## Task statement
Record by record, write out the listing word for word while omitting pictures.

## Task inputs
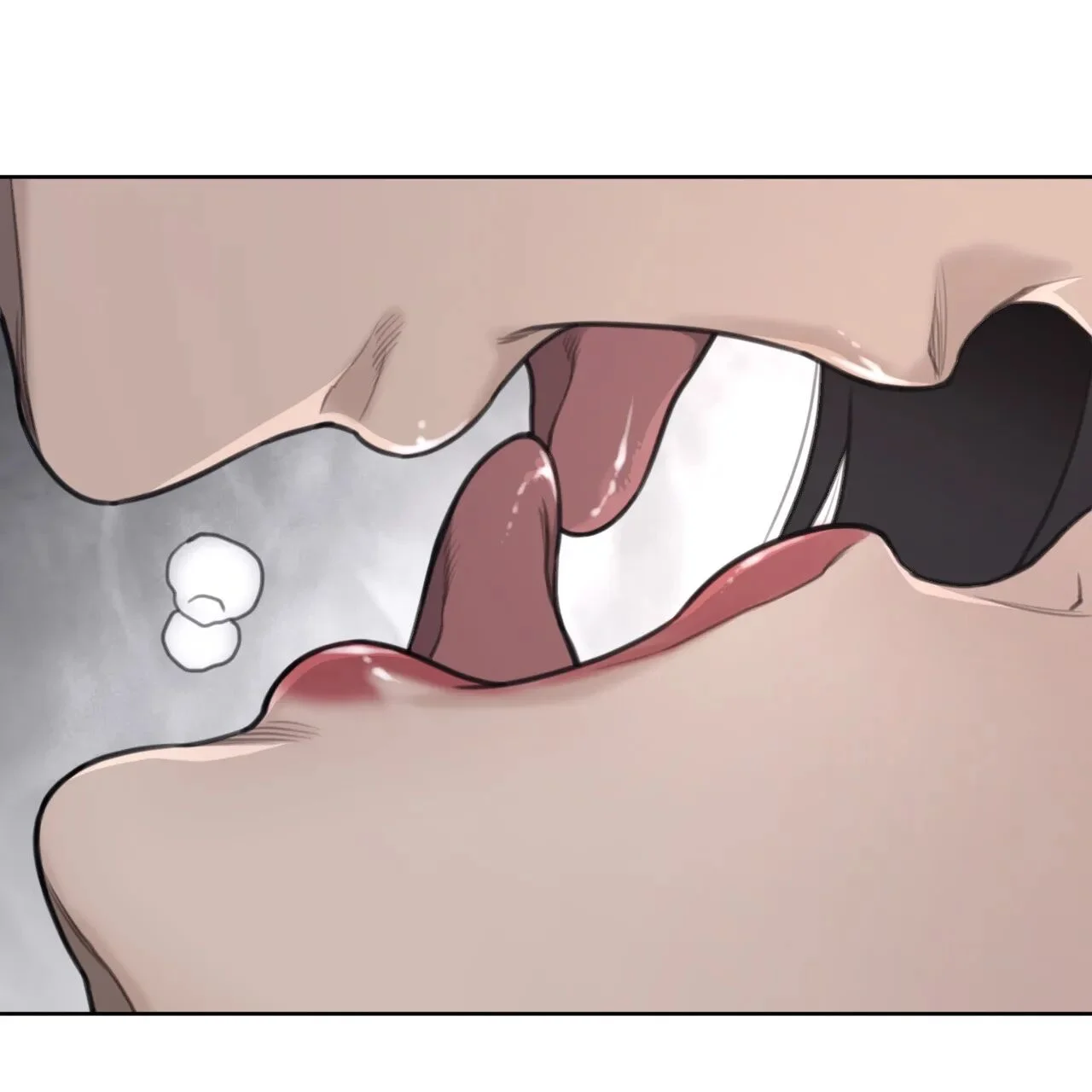 Read Perfect Half Manga Online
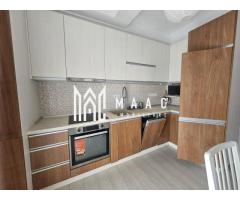 Apartament 3 camere de închiriat | Sub Arini, Sibiu | 86 mp - Imagine 5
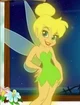 Tinkerbel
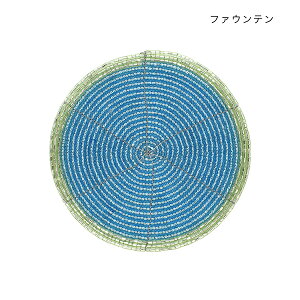 nCA R[X^[ r[Y nC CeA G  Lb` e[u } ][g 썑 C r[` yY Mtg v[g V 킢  O[ sN u[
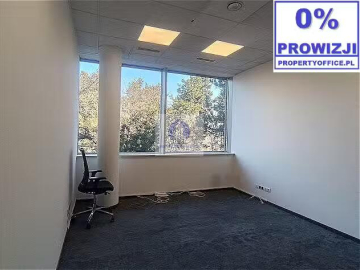Ursus: lokal biurowy na wynajem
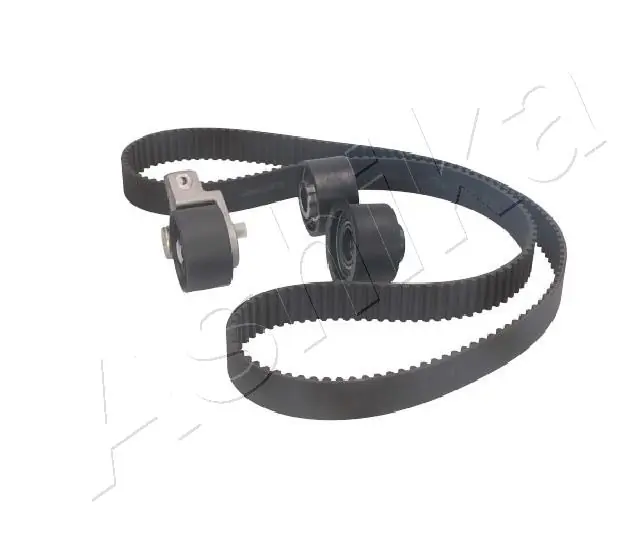 ASHIKA KCT388 Timing Belt Kit
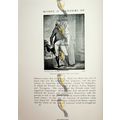 Friedrich Wilhelm III & Luise, 1798, Fashion Bo...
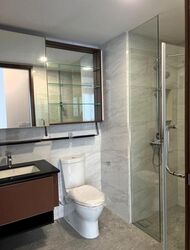 Normanton Park (D5), Apartment #524623401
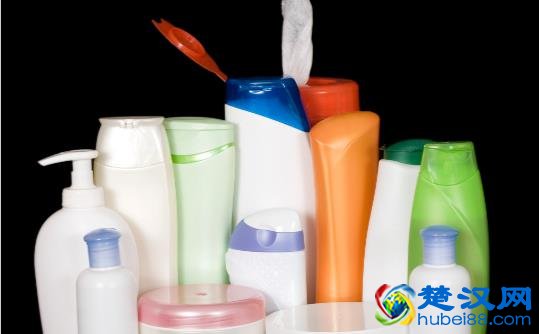 凡士林的15种神奇小妙用 常用凡士林的好处分享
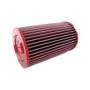 Air filter BMC ALFA ROMEO GIULIETTA 1.4 T-jet (105 cv) 11 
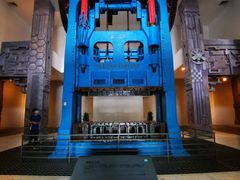 -柳州工业博物馆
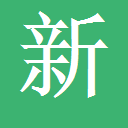 新濠天地 官方网站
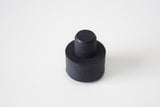 TAMPONE SCONTRO TRAVERSA MOTORE 125 VM1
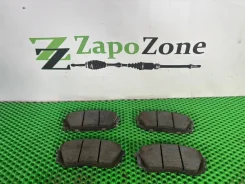 ������� kia seltos 2020 58101D7A60 2.0 G4NH, �������� 58101D7A60 ����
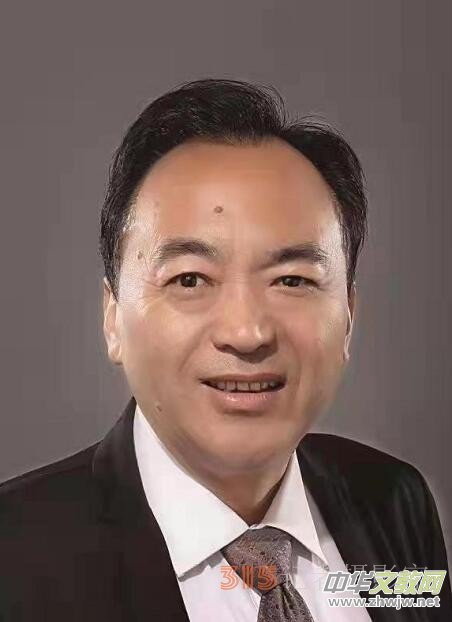 Ԋ�Ĳ�Ⱦ�m ��ī�����㡪��ꐖ|�L(f��ng)Ԋ����Ʒ�b�p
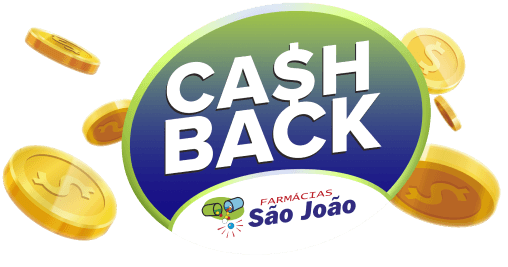 cashback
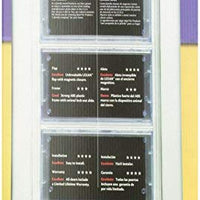 Ideal ultra-flex Draftstopper Pet Puerta con marco telescópico, color crema - BESTMASCOTA.COM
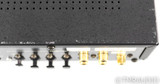 McIntosh MAC-3 5.1 Channel Home Theater Surround Decoder; MAC3 (SOLD)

## Response area
 Read Perfect Half Manga Online
 Apartament 3 camere de închiriat | Sub Arini, Sibiu | 86 mp - Imagine 5
 Tinkerbel
 nCA R[X^[ r[Y nC CeA G  Lb` e[u } ][g 썑 C r[` yY Mtg v[g V 킢  O[ sN u[
Ursus: lokal biurowy na wynajem
 ASHIKA KCT388 Timing Belt Kit
 Friedrich Wilhelm III & Luise, 1798, Fashion Bo...
 Normanton Park (D5), Apartment #524623401
 凡士林的15种神奇小妙用 常用凡士林的好处分享
 Air filter BMC ALFA ROMEO GIULIETTA 1.4 T-jet (105 cv) 11 
 -柳州工业博物馆
 新濠天地 官方网站
 TAMPONE SCONTRO TRAVERSA MOTORE 125 VM1
 ������� kia seltos 2020 58101D7A60 2.0 G4NH, �������� 58101D7A60 ����
 Ԋ�Ĳ�Ⱦ�m ��ī�����㡪��ꐖ|�L(f��ng)Ԋ����Ʒ�b�p
 cashback
 Ideal ultra-flex Draftstopper Pet Puerta con marco telescópico, color crema - BESTMASCOTA.COM
 McIntosh MAC-3 5.1 Channel Home Theater Surround Decoder; MAC3 (SOLD)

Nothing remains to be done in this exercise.